*** Block opens ***

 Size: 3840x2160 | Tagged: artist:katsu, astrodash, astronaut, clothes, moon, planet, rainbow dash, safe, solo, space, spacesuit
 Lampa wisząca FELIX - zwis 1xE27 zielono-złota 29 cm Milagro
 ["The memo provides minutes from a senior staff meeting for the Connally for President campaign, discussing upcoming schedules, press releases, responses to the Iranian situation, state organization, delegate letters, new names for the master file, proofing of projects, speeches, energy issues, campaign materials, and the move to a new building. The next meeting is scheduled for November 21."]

*** Block closes ***
*** Block opens ***

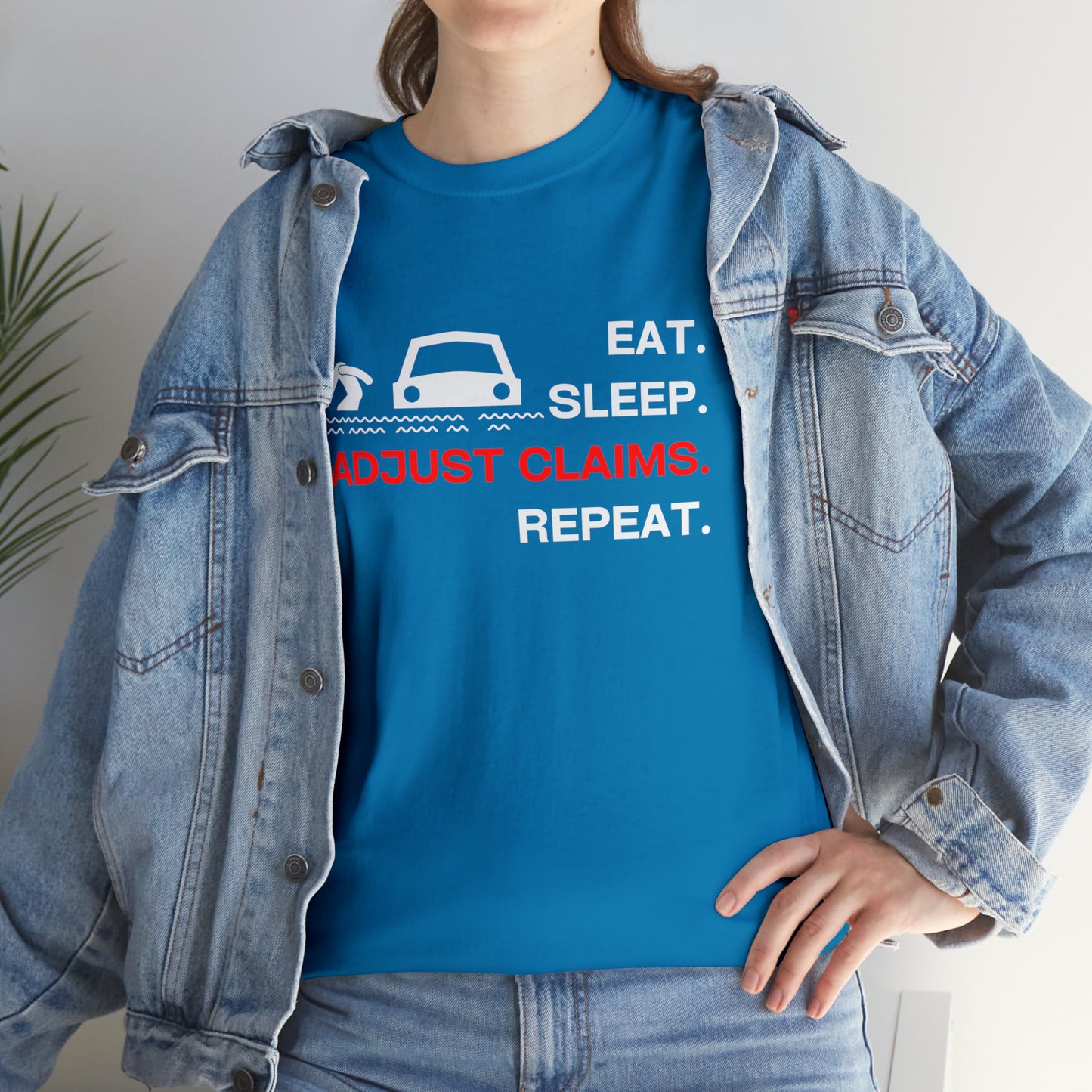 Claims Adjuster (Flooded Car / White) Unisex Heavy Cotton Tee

*** Block closes ***
*** Block opens ***

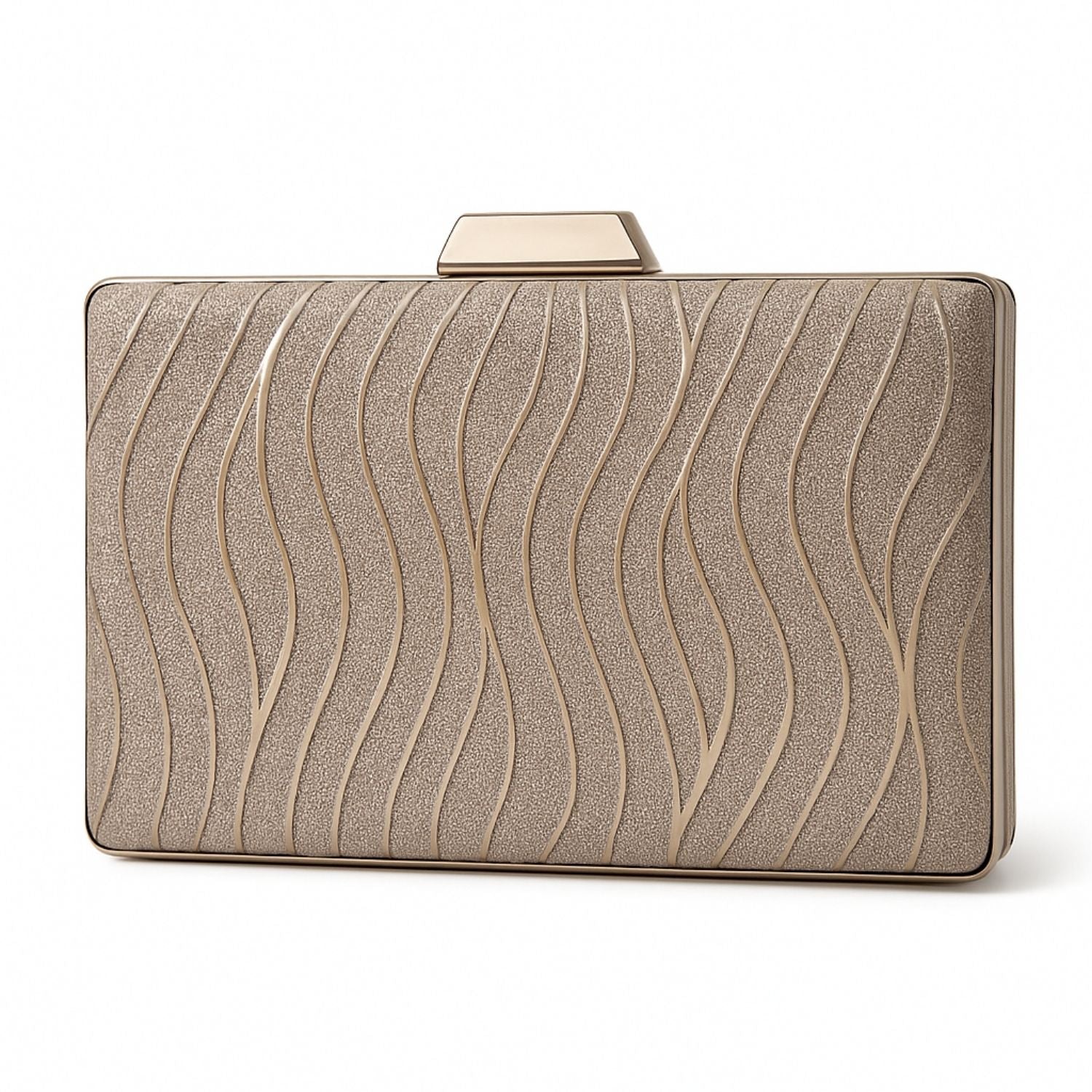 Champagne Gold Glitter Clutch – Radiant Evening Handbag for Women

*** Block closes ***

Using the data above, reproduce exactly the lines from the line that contains "Lampa wisząca FELIX" through the line that contains "memo provides minutes", including both.

• [RESULT]
 Lampa wisząca FELIX - zwis 1xE27 zielono-złota 29 cm Milagro
 ["The memo provides minutes from a senior staff meeting for the Connally for President campaign, discussing upcoming schedules, press releases, responses to the Iranian situation, state organization, delegate letters, new names for the master file, proofing of projects, speeches, energy issues, campaign materials, and the move to a new building. The next meeting is scheduled for November 21."]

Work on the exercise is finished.